Anemometers: sonic, and not

Sonic and mechanical anemometers compared

Patrizia Favaron

12/15/20222 min read

Servizi Territorio srl sells three-dimension (and quality two-dimension) ultrasonic anemometers. We're quite specialised - and we even designed and build various kind of ultrasonic anemometer data acquisition, processing and transmission systems. From time to time we're asked about the differences between ultrasonic and conventional anemometers, and why ultrasonic anemometers cost more than quality conventional: that's a more than understandable curiosity. And, I'll try to answer - to both prospective users and institutional buyers.

  • No moving parts. The design of conventional anemometers permits converting wind to some mechanical change, which is then converted to electrical signal. "Mechanical changes" of whatever kind can only be probed by moving mechanisms subject to friction, inertia and wearing.
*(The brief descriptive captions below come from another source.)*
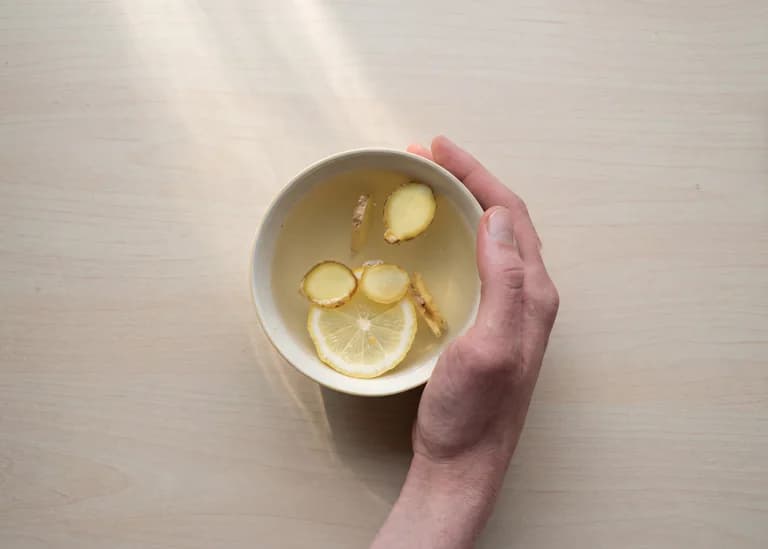 En hand håller en skål med en varm dryck som innehåller ingefära, citronskiva och andra ingredienser.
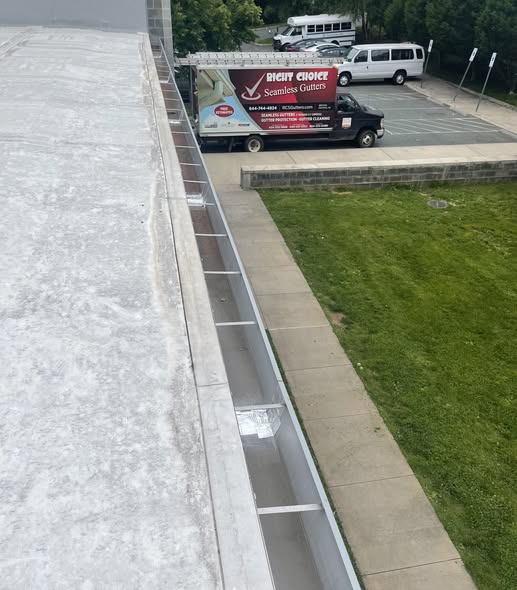 RCS gutter truck beside a commercial gutter run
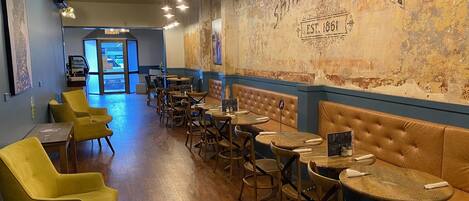 Interior de un restaurante con mesas de madera y sillas amarillas, una pared con la señalización 'Shamrock Inn' y vista de la calle.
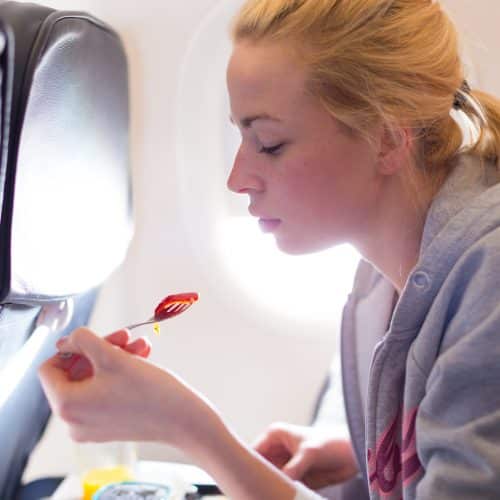 Woman eating meal on commercial airplane.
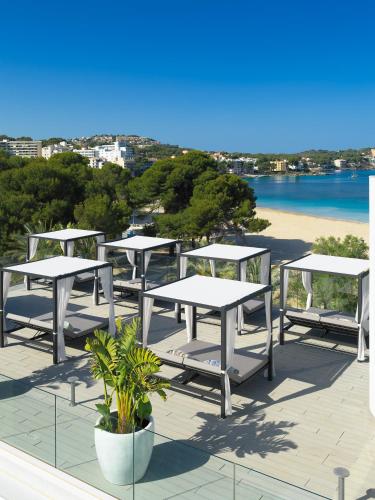 a group of tables and chairs on a patio with a beach at H10 Casa del Mar in Santa Ponsa
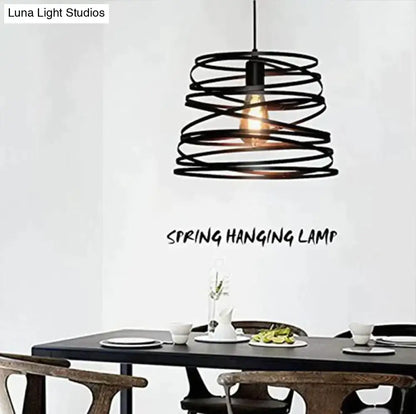 Black metal spiral spring suspension pendant light with warm glowing bulb for dining room use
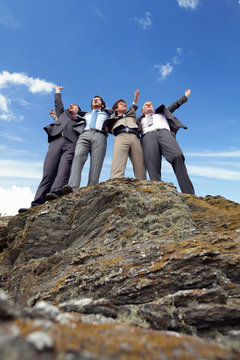 Businessmen cheering on cliff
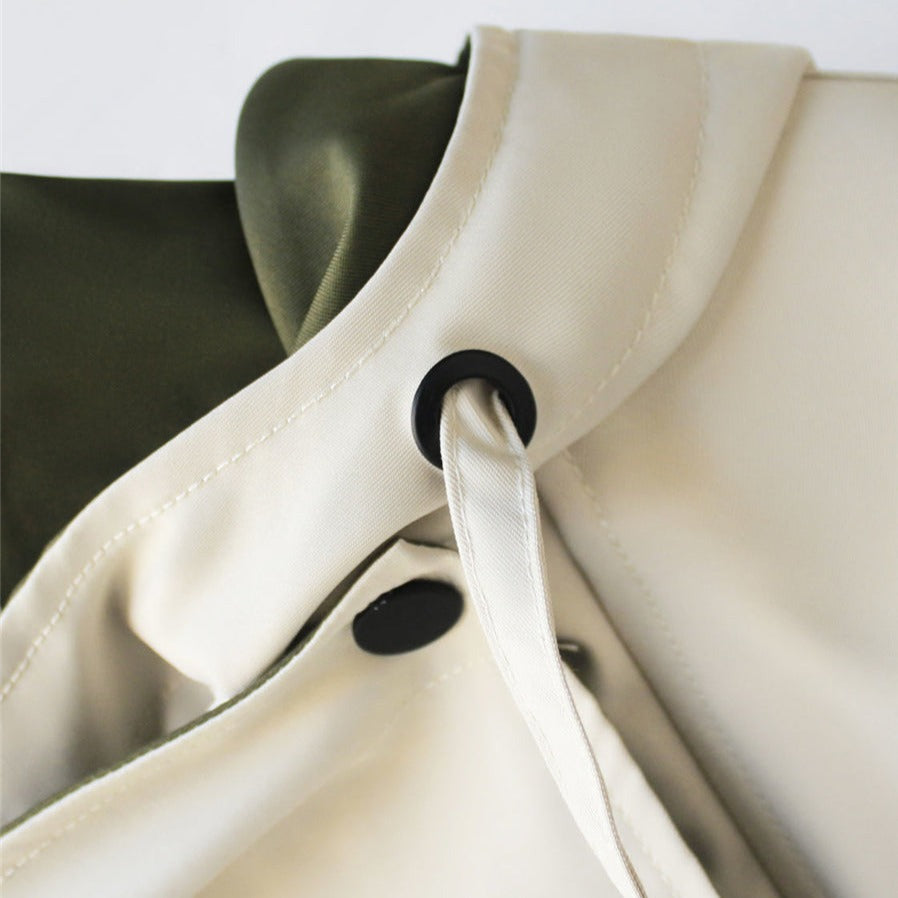 Snap closure detail on two-tone parka jacket, black button on cream trim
An ultrasonic anemometer has no moving parts.

  • Thanks to friction, mechanical anemometers will stay locked in their position if wind is not strong enough, even at speeds which are common to existing and diffused sites (Po valley to name one). This is not the case with sonic anemometers: they can sense the wind at a speed of 1 cm/s, much smaller of wind velocities one can find in Nature. Said differently, ultrasonic anemometers are immune to wind calms.

  • High sampling rate of sonic anemometers, combined with their high resolution and ability to sense wind whatever its velocity allow them to sense turbulence directly. On the contrary, friction and inertia impart mechanical anemometers the quality of a low-pass filter, restricting them to measuring the mean wind, or a smoothed version of it.

For these reasons, ultrasonic anemometers should be preferred in those applications where measuring turbulence has a value, or "wind calms" are not tolerable. For example, the modeling of pollutant dispersion, or air quality studies, or the management of incidents in chemically dangerous plants (or, what's after all almost the same, the active protection against the direct effects of chemical or biological weapons during was episodes or after terrorist attacks).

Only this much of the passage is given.